Olga Tokarczuk, narrazioni in movimento

Il viaggio, la fuga, l’attraversamento dei confini sono, secondo Tokarczuk, gli elementi costitutivi della natura umana

Il Premio Nobel per la letteratura del 2018 è stato conferito alla polacca Olga Tocarczuk e all’austriaco Peter Handke (la cui premiazione ha suscitato numerose polemiche per l’appoggio pubblico dello scrittore al nazionalismo serbo). Nata nel 1962 da una famiglia originaria di una regione polacca attualmente appartenente all’Ucraina, vive dal 1998 in un piccolo villaggio al confine polacco-ceco dove scrive e gestisce la sua casa editrice indipendente. È impegnata nella vita politica del suo paese: è una femminista, un’ambientalista, e un membro della Partia Zieloni (il partito polacco dei Verdi). È una convinta europeista. Il suo impegno politico ha pesato sulla scelta della giuria del premio svedese, attenta ai risvolti che le produzioni letterarie hanno sulla società. A Tokarczuk è stata riconosciuta “un’immaginazione narrativa che, con passione enciclopedica, rappresenta l’attraversamento dei confini come forma di vita”.  Vincitrice di diversi premi letterari e insignita di importanti riconoscimenti internazionali come il Man Booker International Prize per l’opera I vagabondi, Olga Tokarczuk è una delle autrici più popolari in Polonia. La chiamano “la scrittrice con i dreadlock” ma lei spiega che si tratta di un’antica pettinatura polacca che risale al cinquecento.

Minuta, con uno sguardo penetrante che le illumina il viso, Tokarczuk dà voce alle istanze femministe e ambientaliste di una parte di società che non si riconosce nella politica ultracattolica della Polonia, definita dalle restrizioni alla legge sull’aborto e alla libertà di stampa e dei diritti civili. Dopo l’esordio nella poesia nel 1989, passa alla narrativa e inventa un suo genere, il “romanzo-costellazione” dove mette in relazione dei frammenti come se unisse dei punti su una mappa geografica.
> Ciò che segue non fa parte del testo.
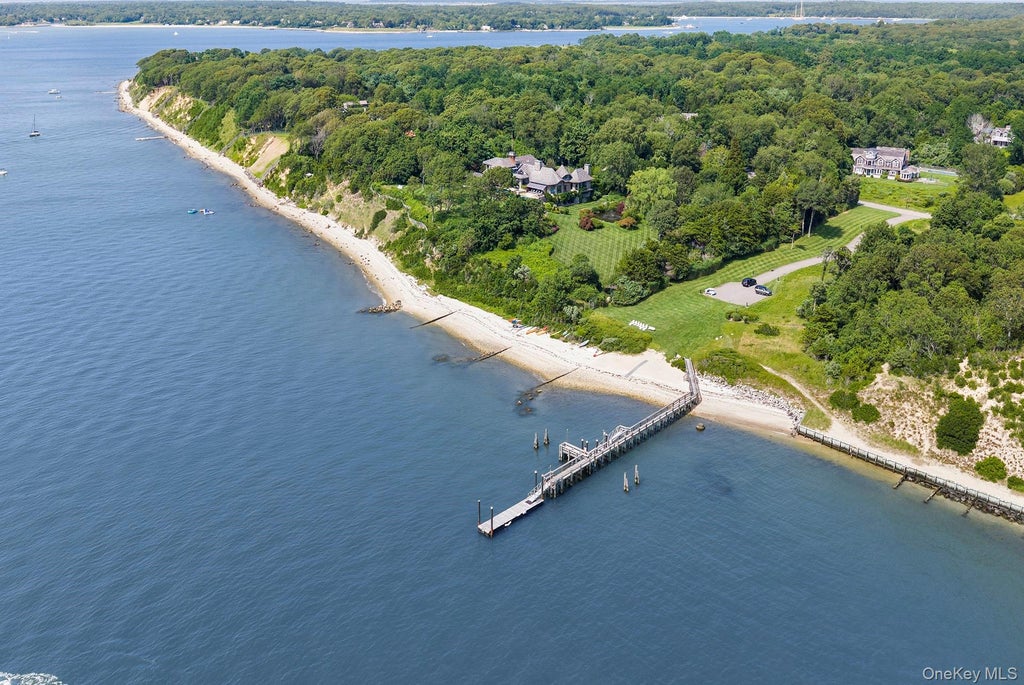 Photo of 16 Barclay Drive, Sag Harbor, NY 11963 (MLS # 1030939)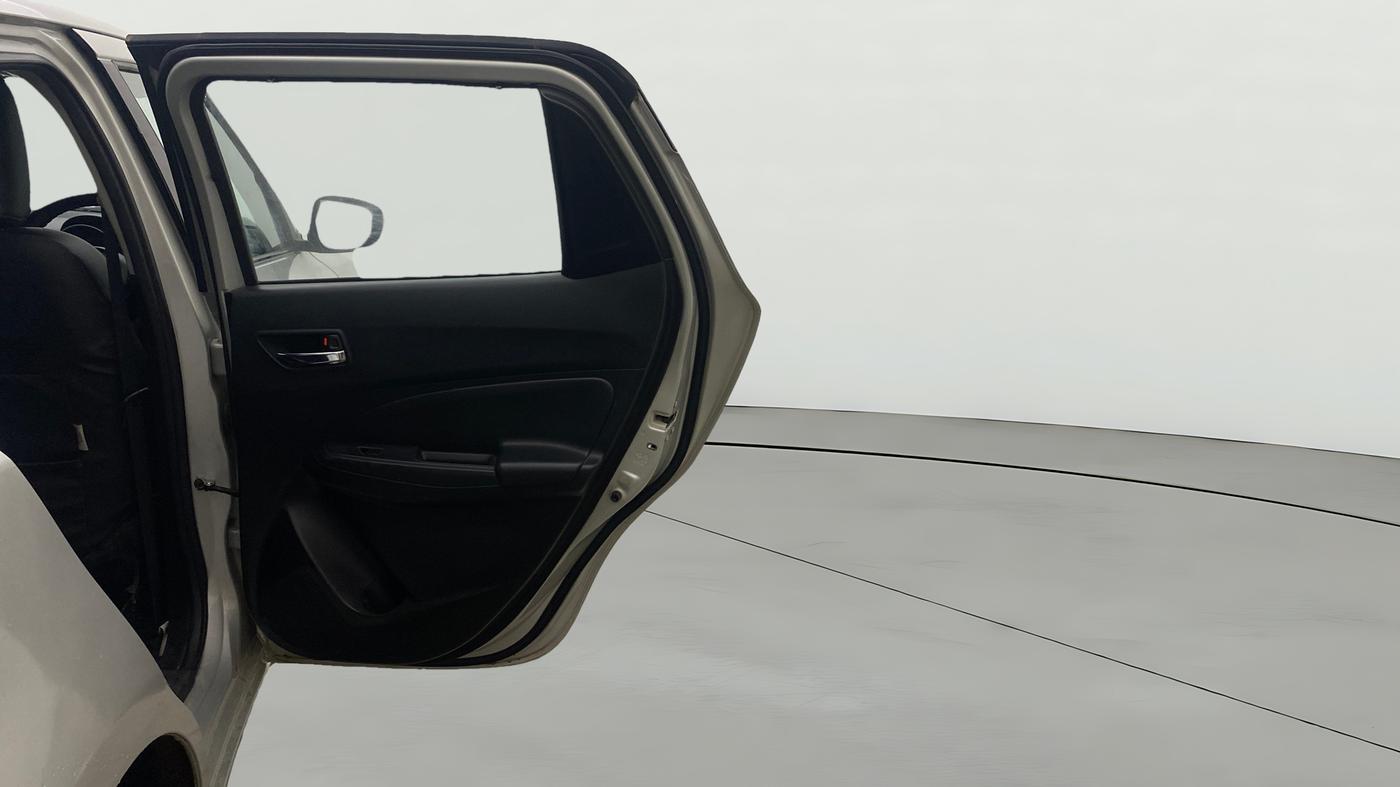 2023 Maruti Swift VXI CNG, CNG, Manual, 91,940 km, RHS Rear Door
La sua idea di letteratura è racchiusa nel viaggio, l’andare, il superamento dei confini.  La forma-frammento dei romanzi si addice particolarmente, come spesso spiega Tokarczuk nelle interviste, a una scrittrice originaria di un luogo che, al di là della narrazione ufficiale che lo vorrebbe cattolico e dotato di un’identità unitaria, ha visto convivere fianco a fianco etnie e religioni diverse. Il movimento e il cambiamento sono gli elementi fondativi della sua narrazione. “Gli uomini, che sono a loro volta un processo, temono ciò che è instabile e in continuo cambiamento. Perciò hanno inventato qualcosa che non esiste: l’immutabilità”. Nella formazione di Tokarczuk sono stati fondamentali la psicologia, il rapporto con la natura e i viaggi.

Ha studiato psicologia all’università di Varsavia e ha lavorato per molti anni con adolescenti con problemi comportamentali. Si considera una seguace di Carl Gustav Jung e riconosce nella sua psicologia una fonte d’ispirazione per la sua opera letteraria. Il continuo movimento è provocato, secondo Tokarczuk, dalla sua attrazione per l’imperfetto: “la storia dei miei viaggi non è altro che la storia di un malessere (…) soffro di una sindrome paragonabile a quella del Mondo Cattivo. Un disagio molto borghese (…) in cui il paziente manifesta un ostinato ritorno della coscienza a certe immagini. I miei sintomi si manifestano con un’attrazione verso tutto ciò che è rotto, imperfetto, difettoso”. Il disagio si supera appunto con la fuga, il viaggio. Tokarczuk ricorda bene quando da ragazza non poteva viaggiare con il suo passaporto. La libertà arriva dopo il crollo del Muro: da giovane laureata parte per Londra, che le spalanca le porte della letteratura femminista che la forma definitivamente. Da allora non si è più fermata: aerei, treni, autobus sono la fonte della sua energia. Compra libri tascabili per poterli lasciare senza rimpianti sulle banchine delle stazioni. Non colleziona assolutamente nulla.